This diversity brings a proliferation of languages, reflected in NZ’s Christian population. Alongside English speaking churches there are hundreds of congregations operating in other languages. We face the challenge of realizing unity in Christ across barriers of cultural and linguistic difference, with all of its exciting potential for growth in the knowledge of the God, life as the family of God, and partnership in the mission of God.

To participate in this as preachers, we need the skills of preaching with an interpreter, whether to meet the needs of groups within our home churches, to speak to congregations that use different languages, or to participate in ministry overseas through relationships with immigrant groups here. Some reflections on what that involves.

When a sermon is interpreted God is speaking through two people. Translation can’t be exact, it always involves interpretation for different thought forms and another context. Embrace it! The interpreter is a partner in the task of bringing the message from God – tag team preaching!

When you share in such contexts a relationship is being built. The invitation to you to preach almost certainly represents a desire for a deeper relationship, not only with you but with the church or denomination that you are perceived to represent. Grasp the relational opportunity.

The privilege of opening up Scripture with people whose life context is different to your own opens you up to fresh insight. For example, my appreciation of reconciliation in Christ was deepened when I preached to an Auckland congregation of refugees comprising combatants from opposite sides in their civil war.

 Non-verbal communication is hugely important. Even if people cannot understand what you say they can pick up a lot – for good or ill! – from your facial expression, gestures, what you wear, how you hold the Bible, etc. Be intentional about it.
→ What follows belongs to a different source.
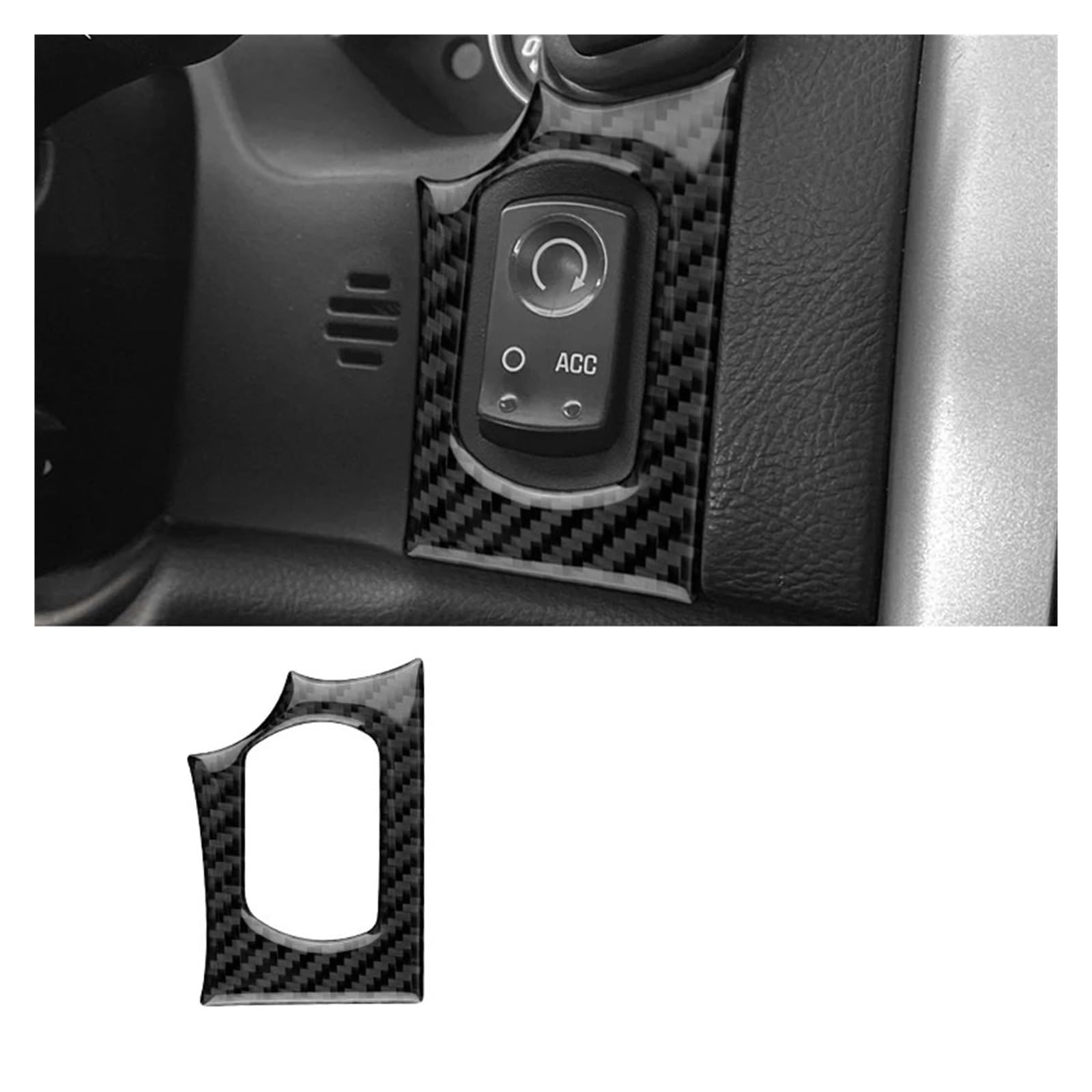 Interieur Zubehör Für Chevrolet Für Corvette C6 2005 2006 2007 2008 2009 2010 2011 2012 2013 Weiche Carbon Faser Auto Zündung Knopf Schalter Aufkleber Autozubehör(Black Carbon) von Amxaqjc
Help the interpreter. Interpreters vary, of course, but the following often help:

  • Provide something in advance: a summary of your message; Bible references; the sermon outline (headings or summary statements); any key phrases; details of illustrations.
  • Talk with the interpreter before the service/occasion. Check that he or she understands you (don’t ask, “Do you understand?” – start talking and gauge the response); check that your key phrases work; explain anything that’s unclear, and adjust if necessary; pray with them.
  • Articulate very clearly. Speak more slowly and pronounce words more deliberately than normal. It feels awkward but it does help! Appreciate that Kiwis can be difficult to understand for people who learned English elsewhere.
  • Use short sentences that contain complete thoughts. Translation is idea-for-idea, not word-for-word, so give the interpreter a complete idea to express in the best form for the receptor language.
  • Avoid irony. It doesn’t translate. Ask yourself, “What would this mean if they took it at face value?” “Yeah, right!” would become, “Yes, that is correct.”
  • Beware of Kiwi colloquialisms such as “interesting” (when you mean “challenging”) or “average” (for “disappointing”).
  • Alliteration won’t translate!
  • Say half as much as usual. A 30 minute sermon = 15 in English and 15 for the interpreter.
  • Back to the tag team – for listeners the sermon flows best when there is no gap between one partner finishing a sentence and the other starting. A fluent interpreter will begin while you’re still sounding the last word or two, and you can do the same.